One of the things that put me off church for so many years is that I simply could not accept what the church has done over the centuries in Jesus name. With some help from my priest, Lou Rivers, I came to see two churches the broad church of Christ and the "corporate" church which man has constructed and is now divided into thousands of pieces. Clearly it wasn't Christ's church that beheaded or burned at the stake or put to the sword those considered heretics. It was not Christ's church that the Pope apologized to the Jews for ... it was the corporate church in its various manifestations.
I have come to accept the corporate church as Christ's clubhouse - a place to meet and worship - not the exclusive arbiter of what he meant. The second decision I came to was that Christ's words are contained in the four gospels and that it is Christ's words, not the interpretation of those by others, that I should pay attention to. This very much simplified things in that his message is very clear - though the message itself is a difficult one to obey. And this is not to say that I reject the writings of men like Paul or think that the Old Testament does not contain much Godly wisdom. I simply hold that Christianity is the word of Christ and that it can be boiled down to his two great commandments to love God and to love thy neighbour as thyself ... which is three commandments really because the second means to love both your neighbour and yourself.
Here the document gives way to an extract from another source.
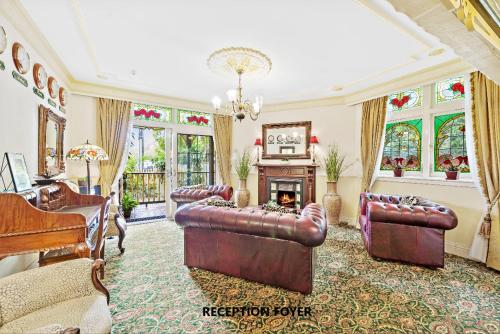悉尼查林顿酒店的客厅配有皮革家具和钢琴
Now ... when I thought of that I thought of two things. Simple as those directions are to understand they are almost impossible for mere mortals to obey. Every possible effort must be made to even come close. Therefore I concluded that God has given us a very difficult job simply through Jesus' teachings and we'll be assessed, in due course, as to how we did, not whether or not we took the Bible literally. The second thing that occurred to me was that Jesus was speaking to ordinary people, not theologians. He spoke the people's language and his parables were easy to understand. He did not envisage all the sacred rites by which many churches are governed and that much of the mysticism and jargon that surrounds Christian liturgies are little more that huckster hype dreamt up by the Church's early traveling salesmen. There is nothing wrong with it I am scarcely the 17th century puritan bent upon destroying icons and banning ceremonies. I only say that for my personal faith, at this point anyway, I do not include most of what the corporate church has made part of its liturgy. I'm not sure, for example, I accept a virgin birth or a bodily resurrection. I don't deny them - they simply are not central to my faith which considers that Christ's message was not about ceremonies or liturgies but about loving God, others and yourself and that the path to redemption was following Him, not necessarily the very human, mostly men, who interpreted His word. In fact, to make the shock complete to more fundamentalist Christians than I, I declare my faith in the words Elizabeth I stated for herself when she said "There is only one Lord Jesus Christ - the rest is a dispute over trifles".
The foregoing was not intended to be a statement of any fundamental truths nor an assertion of any sort - it's only a statement of where my faith has taken me, as food for thought on this Holy of Holiest of seasons in the Christian calendar.